A good point Russell. I mean, if a marriage can survive infidelity because the man who forgave refuses to allow any further bullsh-t...well...I guess I would call that f'ng alpha.

Gee. Did I just say that word?

Hmmm.

Oh, wait. That response is FOR ME. It's MY viewpoint and valid only in the state in which I reside and for my own personal life and enjoyment. Any rebroadcast of MY f'ng viewpoint is soley on YOU...not ME and if you're man enough to get that, then cool. If not then cool.


----------



## Caribbean Man (Jun 3, 2012)

Squeakr said:


> *Also no to stir the pot, but vows in this day and age are nothing more than spoken words, just like morals are nothing more than beliefs and hopes. Society has crushed the standards and it is now a free for all with relationships (pre-marital sex and living together used to be frowned upon and looked down at, but it is now considered by many as responsible and a good prelude to testing compatibility).*


Quoted For Truth.

A lot of people hold values that are at diametrically opposed to their marriage vows.


----------



## russell28 (Apr 17, 2013)

SomedayDig said:


> A good point Russell. I mean, if a marriage can survive infidelity because the man who forgave refuses to allow any further bullsh-t...well...I guess I would call that f'ng alpha.
> 
> Gee. Did I just say that word?
> 
> ...


MY viewpoint is that it's all about who the people are, where they are in life and the relationship, how much is invested, what they've learned, how will they manage going forward. For some D is the only option, for some R is an option, for some, they'll try R and eventually D.. some will D and someday R... ah life.... it sucks, and it's wonderful.


----------



## SomedayDig (Jul 17, 2012)

russell28 said:


> MY viewpoint is that it's all about who the people are, where they are in life and the relationship, how much is invested, what they've learned, how will they manage going forward. For some D is the only option, for some R is an option, for some, they'll try R and eventually D.. some will D and someday R... ah life.... it sucks, and it's wonderful.
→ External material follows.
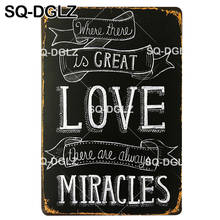 [SQ-DGLZ] LOVE MIRACLES Plaque Metal Sign Vintage Bar Decor Tin Sign Vintage Pub Bar Decor Metal Metalen Borden Poster Plate 2024 - buy cheap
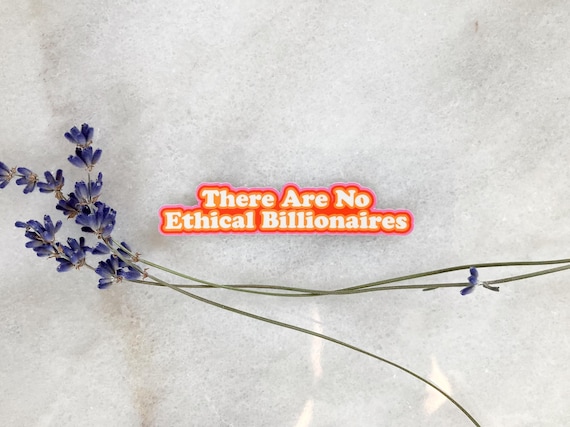 No Ethical Billionaires Sticker | Anti-Capitalist Vinyl Decal | Protest Sticker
Winner, winner, chicken dinner.


----------



## Caribbean Man (Jun 3, 2012)

russell28 said:


> Never a good reason to stay 'for the kids sake'... If that's the only reason for staying together, you were doomed anyway.
> 
> I bet there are cases where a man forgave the wives infidelity, left for D... then his next wife screwed him over. *I also bet there are cases where a man forgave his wife, they stayed and lived happily ever after. *I bet there are many varying cases....


I don't know about living " happily ever after " post infidelity.
Happiness for me right now is being able to have my wife travel anywhere with her friends on vacation and not worry about infidelity.
Happiness for me is my wife having the freedom have male friends and I don't have to worry about infidelity.

Having to enforce an entire set of rules , regulations to curb her freedom ,and having to constantly check her phone and online activity etc.,etc., etc., because she cheated...
That is unhappiness.
I'm sorry, I can't live in a relationship like that,but like you , _I bet there are cases where some people did._
To each his own.


----------



## SomedayDig (Jul 17, 2012)

Caribbean Man said:


> I don't know about living " happily ever after " post infidelity.
> Happiness for me right now is being able to have my wife travel anywhere with her friends on vacation and not worry about infidelity.
> Happiness for me is my wife having the freedom have male friends and I don't have to worry about infidelity.
> 
> ...


<------This guy is doing it now. You would be amazed at the strength men CAN show when faced with unbelievable hardships.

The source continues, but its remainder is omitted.